Il film è stato presentato al festival di Cannes 2024, nella sezione Un certain regarde ha ricevuto il premio France Odeon Sguardi Mediterranei 2024. Grazie alla distribuzione Goodfellas, l’opera è uscita in Corsica a fine ottobre e, dal 13 novembre, sarà proiettata anche nelle sale francesi; sarebbe interessante trovare un distributore italiano che permettesse anche al nostro pubblico di godere di una visione così intensa.
Per concludere La Bête di Bertrand Bonello, passato in sordina all’80° Mostra del Cinema di Venezia nel 2023. “Un film est toujours un miracle”, così esordisce il regista presentando la sua opera e, durante la visione, si ha davvero l’impressione di assistere a una mirabilia.

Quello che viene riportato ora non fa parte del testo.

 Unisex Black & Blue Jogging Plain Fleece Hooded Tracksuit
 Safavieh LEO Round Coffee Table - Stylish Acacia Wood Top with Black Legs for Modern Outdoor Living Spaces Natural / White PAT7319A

Con questo film si è catapultati in una dimensione spettacolare, che, tuttavia, presenta sempre un tocco di intimità; si tratta di un mélangetra melodramma e sci-film, che vira poi verso il finale in un thriller angosciante. La ricchezza di simbologie e di elucubrazioni filosofiche, inserite in un complesso ingranaggio interno, sono alla base del film: esso si muove su tre piani temporali fondanti (epoca vittoriana, anni ‘90/2000 e 2044) e presenta una sala da ballo che conduce in altri piani intermedi. Tuttavia, sono i sentimenti a fare da fil rouge all’intero film, che segue le varie trasformazioni di Gabrielle (interpretata da una grandiosa Léa Seydoux) e dell’enigmatico Louis (George Mackay). Emerge così una profonda riflessione sull’essere umano, sulla società in cui viviamo e sulla nostra emotività: siamo davvero sicuri di esserci evoluti e di godere del libero arbitrio? O stiamo piuttosto andando verso un’era distopica (non a caso ambientazione del film) in cui ogni emozione umana, diventando una minaccia, deve essere repressa e cancellata?
Bonello, attraverso un linguaggio cinematografico che evidenzia di continuo i propri procedimenti stilistici, crea un senso di straniamento nello spettatore, che viene di continuo espulso dalla narrazione, facendosi testimone attivo di una decadenza dell’Umanità.